• _TASK DESCRIPTION_
Make an exact copy, from the records below, of the lines from the line containing "QR code for 103GWS" to the line containing "4012 Ellesmere Road, Toronto, ON", both lines included, excluding pictures.

(Stored records)
+++++

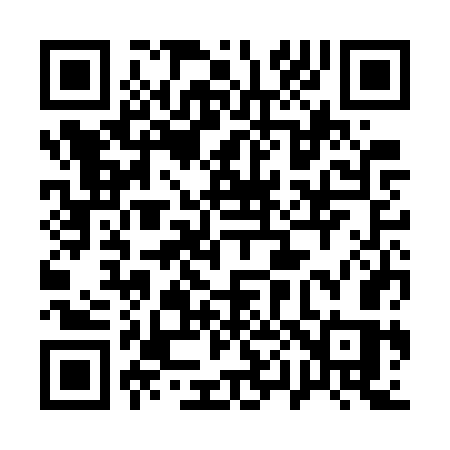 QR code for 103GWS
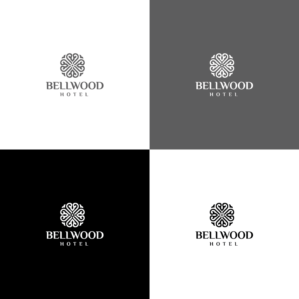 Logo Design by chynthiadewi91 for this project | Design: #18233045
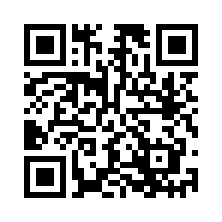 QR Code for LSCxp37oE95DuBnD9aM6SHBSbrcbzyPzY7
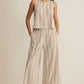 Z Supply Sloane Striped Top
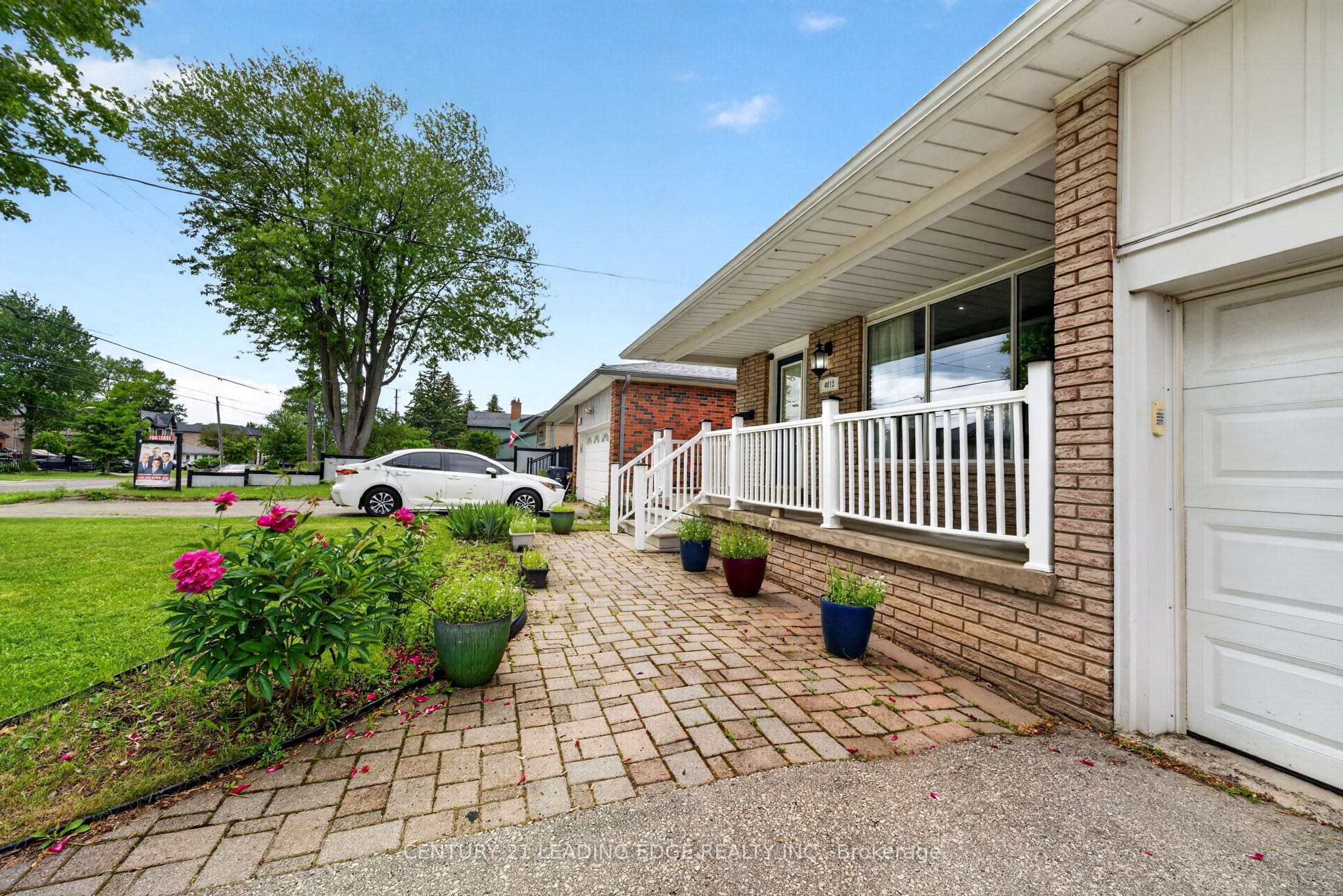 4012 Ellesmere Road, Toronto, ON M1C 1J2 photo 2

+++++

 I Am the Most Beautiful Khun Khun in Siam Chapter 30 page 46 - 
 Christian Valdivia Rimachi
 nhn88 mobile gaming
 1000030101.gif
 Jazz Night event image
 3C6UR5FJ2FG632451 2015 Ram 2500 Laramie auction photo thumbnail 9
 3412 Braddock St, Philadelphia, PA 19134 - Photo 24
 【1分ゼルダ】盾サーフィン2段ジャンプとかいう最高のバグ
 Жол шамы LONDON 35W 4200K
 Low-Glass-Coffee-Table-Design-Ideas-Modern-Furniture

+++++

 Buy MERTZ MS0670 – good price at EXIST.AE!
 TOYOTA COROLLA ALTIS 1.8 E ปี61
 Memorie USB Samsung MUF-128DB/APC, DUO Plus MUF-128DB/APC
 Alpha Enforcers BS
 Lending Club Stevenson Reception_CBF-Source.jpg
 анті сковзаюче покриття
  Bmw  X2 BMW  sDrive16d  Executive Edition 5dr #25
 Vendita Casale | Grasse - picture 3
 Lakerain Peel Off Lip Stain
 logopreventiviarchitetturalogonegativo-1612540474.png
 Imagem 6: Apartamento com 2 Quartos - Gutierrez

+++++

• _OUTPUT FOR THIS TASK_
 QR code for 103GWS
 Logo Design by chynthiadewi91 for this project | Design: #18233045
 QR Code for LSCxp37oE95DuBnD9aM6SHBSbrcbzyPzY7
 Z Supply Sloane Striped Top
 4012 Ellesmere Road, Toronto, ON M1C 1J2 photo 2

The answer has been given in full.